Rifiuti, dagli scarti alimentari al packaging 100% biodegradabile

4 Novembre 2019
Enea

Nuove soluzioni per trasformare i rifiuti in risorse, arrivano dai laboratori ENEA, Agenzia nazionale per le nuove tecnologie, l’energia e lo sviluppo economico sostenibile

 

Nel loro stand a Ecomondo, la Fiera internazionale per la sostenibilità ambientale, in programma dal 5 all’8 novembre a Rimini, i ricercatori dell’agenzia illustreranno le soluzioni tecnologiche per l’economia circolare e come trasferire queste alle imprese interessate per svilupparle a livello commerciale.

 

Per i ricercatori Enea, gli scarti dell’industria casearia possono diventare bottiglie e vaschette di plastica green, 100 per cento biodegradabile.

Un esempio concreto è il progetto Biocosì, per produrre bioplastica per il packaging alimentare, che ha appena vinto il premio “Agrifoodmaker 2019” per l’Innovazione nel settore dell’agricoltura e dell’alimentazione, promosso tra gli altri dal ministero delle Politiche agricole alimentari.

L’obiettivo è di arrivare a riciclare circa l’80% degli scarti della produzione di burro e formaggi, attraverso una duplice innovazione: da un lato, il recupero differenziato di tutte le componenti del siero (sieroproteine/peptidi, lattosio, sali minerari ed acqua ultrapura) e, dall’altro, la produzione di bioplastica biodegradabile e bioderivata dal lattosio stesso. Di fatto, quindi, si riducono gli inquinanti dell’industria casearia, gli elevati costi di smaltimento dei reflui ed anche l’impatto della plastica nell’ambiente. Secondo studi ENEA, l’83% dei rifiuti in plastica nei mari italiani è costituito da packaging, per lo più di prodotti usa e getta.

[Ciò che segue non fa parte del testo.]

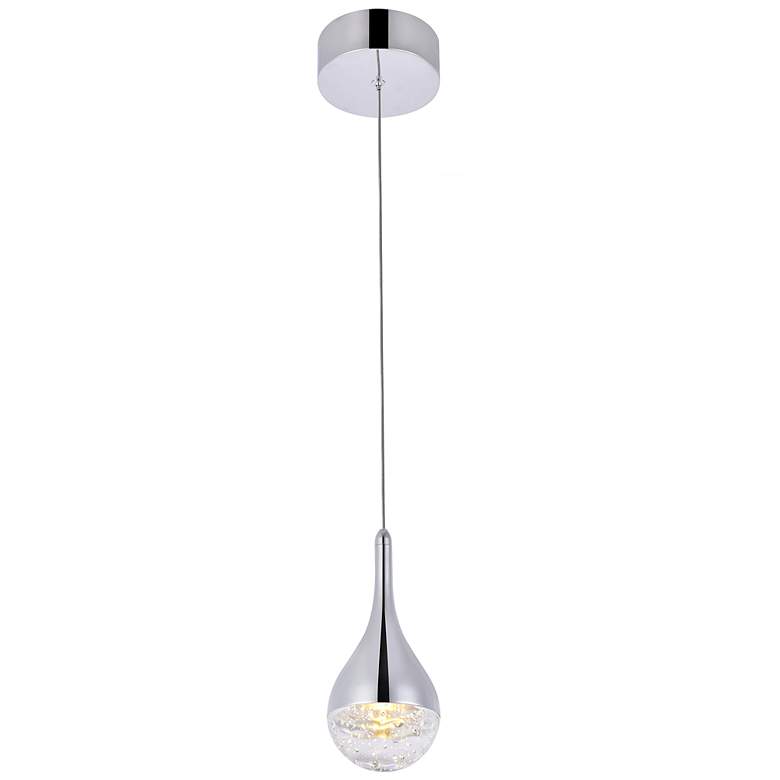 Image 6 Amherst Collection Led 1-Lt Pendant 5 In X 9 Finish more views
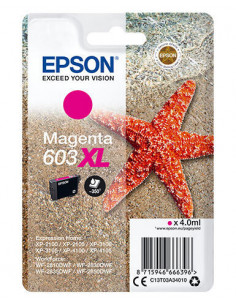 Epson Singlepack Magenta...
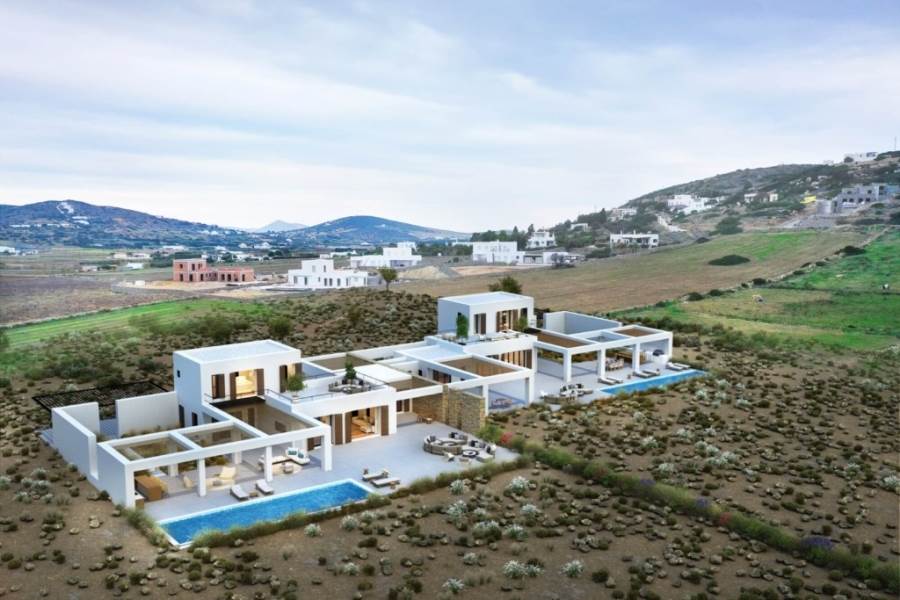 (For Sale) Residential Villa || Cyclades/Paros - 320 Sq.m, 5 Bedrooms, 2.200.000€ 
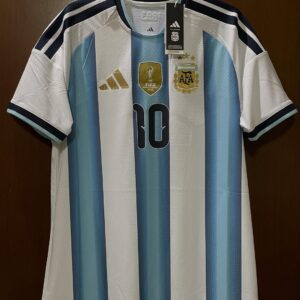 Messi  World Cup 2026 Home Player Version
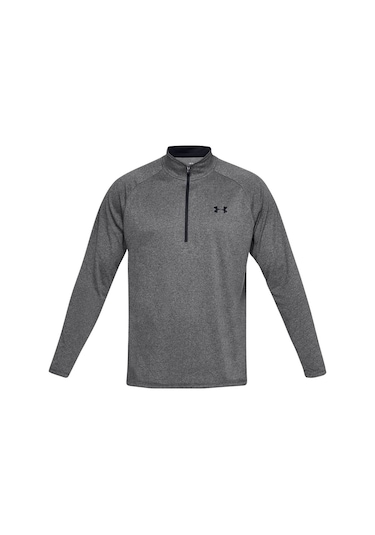 Erkek UA Tech™ ½ Fermuarlı Uzun Kollu 1328495-090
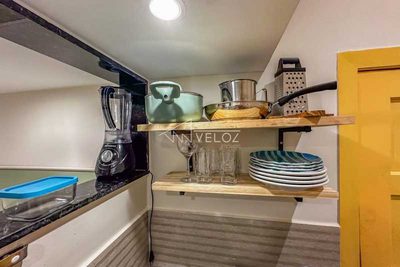 Apartamento, 1 quarto, 17 m² - Foto 4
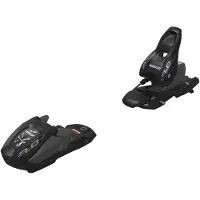 Marker 7.0 70 Mm Junior Alpine Ski Bindings Noir 70 mm Enfants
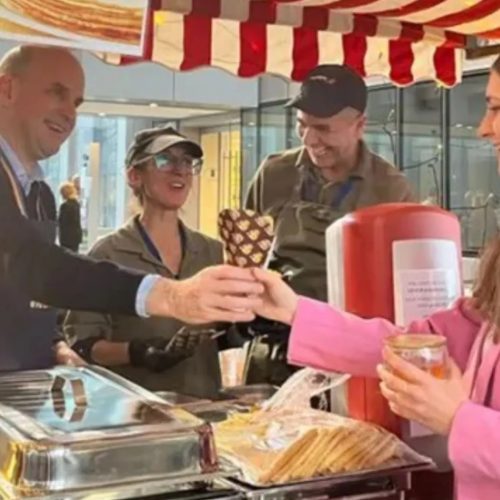 Ερωτικά σκάνδαλα με την Βρετανική Αντιπροσωπεία στο ΝΑΤΟ
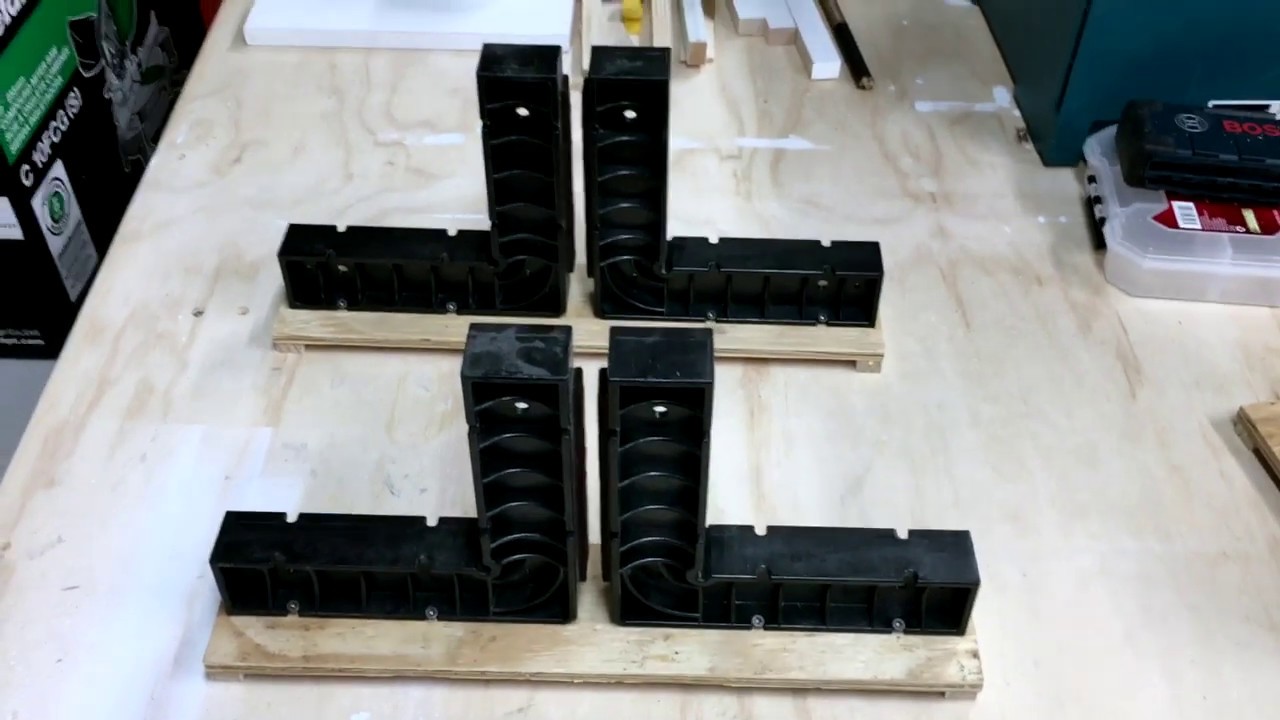 Quick & Easy Door Bucks YouTube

Questo processo eco-innovativo, che abbiamo sviluppato nel nostro centro di Brindisi in collaborazione con la start-up pugliese EggPlant, è ispirato al principio ‘zero-rifiuti‘ dell’economia circolare e risponde a esigenze etiche e ambientali, ma anche economiche, perché consente di tagliare di circa il 23% il costo unitario di produzione. Le bioplastiche, infatti, rappresentano circa l’1% dei 300 milioni di tonnellate di plastiche prodotte ogni anno in Europa e la European Bioplastics stima che la domanda crescerà del 50% nel medio termine, da circa 4,2 milioni tonnellate del 2016 a 6,1 milioni nel 2021”, sottolinea Valerio Miceli, ricercatore ENEA presso la Divisione Biotecnologie e agroindustria.